The article by Downie and colleagues1 describes a rodent model that addresses this question. Using correlation of optical coherence tomography (OCT) measurements of stromal thickness with intrastromal CD45+ cell density, endothelial monolayer cell density, and morphological changes, they demonstrate a response in the endothelium to topical application of a TLR (Troll-like Receptor)-9 agonist following corneal abrasion that is independent of tight junction protein ZO (Zonula Occludens)-1 expression. Accordingly we now have information that disturbance of endothelium does contribute to corneal thickening in stromal inflammation, and this model provides some information about mechanisms on which there has been little earlier research. This work builds on earlier reports of functional LPS (lipopolysaccharide) receptor proteins CD14 and TLR-4 in human corneal cells2 and demonstration that CD14+ monocyte-derived macrophages can directly induce cytokine-mediated corneal endothelial cell death ex vivo.3 
The importance of this research question in human corneal disease lies in the fact that the endothelium in man is essentially nonreplicative. One consequence is that severe or chronic stromal inflammation, whether or not sterile and in a wide range of disorders, causes visually significant decline in endothelial cell function and irreversible loss of stromal transparency. These findings have implications for our understanding and treatment of innate immunologic responses to disorders such as corneal infections. 

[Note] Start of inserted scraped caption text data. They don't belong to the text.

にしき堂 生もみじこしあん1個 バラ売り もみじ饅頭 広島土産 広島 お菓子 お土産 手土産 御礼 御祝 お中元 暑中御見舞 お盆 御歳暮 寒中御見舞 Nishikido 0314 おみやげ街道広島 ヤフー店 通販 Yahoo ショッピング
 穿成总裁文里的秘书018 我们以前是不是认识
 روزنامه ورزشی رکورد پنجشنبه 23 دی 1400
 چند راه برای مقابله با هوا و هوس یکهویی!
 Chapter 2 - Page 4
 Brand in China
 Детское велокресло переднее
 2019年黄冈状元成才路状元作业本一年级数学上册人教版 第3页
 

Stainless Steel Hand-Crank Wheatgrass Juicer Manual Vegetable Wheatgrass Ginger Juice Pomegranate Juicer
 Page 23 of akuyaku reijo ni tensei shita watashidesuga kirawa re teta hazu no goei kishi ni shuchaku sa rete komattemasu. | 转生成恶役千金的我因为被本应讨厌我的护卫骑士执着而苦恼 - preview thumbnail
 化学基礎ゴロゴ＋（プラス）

Downie LE, Choi J, Lim JKH, Chinnery HR. Longitudinal changes to tight junction expression and endothelial cell integrity in a mouse model of sterile corneal inflammation. Invest Ophthalmol Vis Sci. 2016; 57: 3477–3484.
Song PI, Abraham TA, Park Y, et al. The expression of functional LPS receptor proteins CD14 and toll-like receptor 4 in human corneal cells. Invest Ophthalmol Vis Sci. 2001; 42: 2867–2877.
Lapp BT, Zaher SS, Becker D, et al. Identification of therapeutic targets of inflammatory monocyte recruitment to modulate the allogeneic injury to donor cornea. Invest Ophthalmol Vis Sci. 2015; 56: 7250–7259.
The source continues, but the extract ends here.